It was a quiet day around the Biff abode. Saturday is the traditional day of cleaning. Rugs are vacuumed. Bibelots are dusted. Cat boxes are spruced up a bit. Clothes are laundered. Larders are restocked. In short, there is a lot of sound and fury, but nothing of any real significance takes place. It is the sort of day that, at the end of, you can say, “I was quite busy today!” with an air of accomplishment and self-satisfaction. But then the more you think about it, you realize that there is virtually no material there for a decent blog post. This paragraph is about all of the crude I was able to extract from the strata of my day by fracking it.
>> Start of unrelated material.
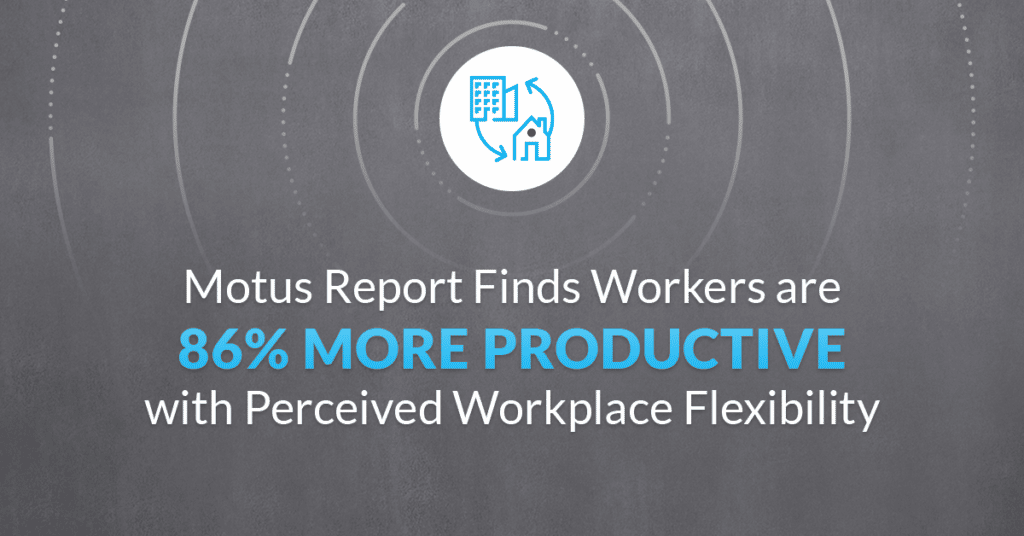 2021 WorkAnywhere benchmark report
Speaking of fracking (and weren’t we all?), I’ve discovered that casually tossing out the word “fracking” in polite company will all but stop down the conversation as everyone squints at you to make sure they heard you say what they thought you said. I assure them that they heard me correctly, and the conversation resumes. I really rarely have anything to say about fracking, but it is a word that is hard to resist saying, especially when it is apropos of nothing, which it often is.
I spent a good portion of the day trying to write a short story. I had visions of writing a little gem of a story, polishing it lovingly, setting it the well-lit glass case of my blog, and smiling as it sparkled brilliantly at all who walked past it and looked at it. Visions rarely translate well into reality and after 3 false starts and a lot of virtual ripping of pages out of the typewriter to be crumpled up in frustration and tossed in the trash, I just gave up on the notion that I would have a story ready to publish on here today. These things can’t be forced. Every story will emerge from its shell when it is ready, and not a moment before.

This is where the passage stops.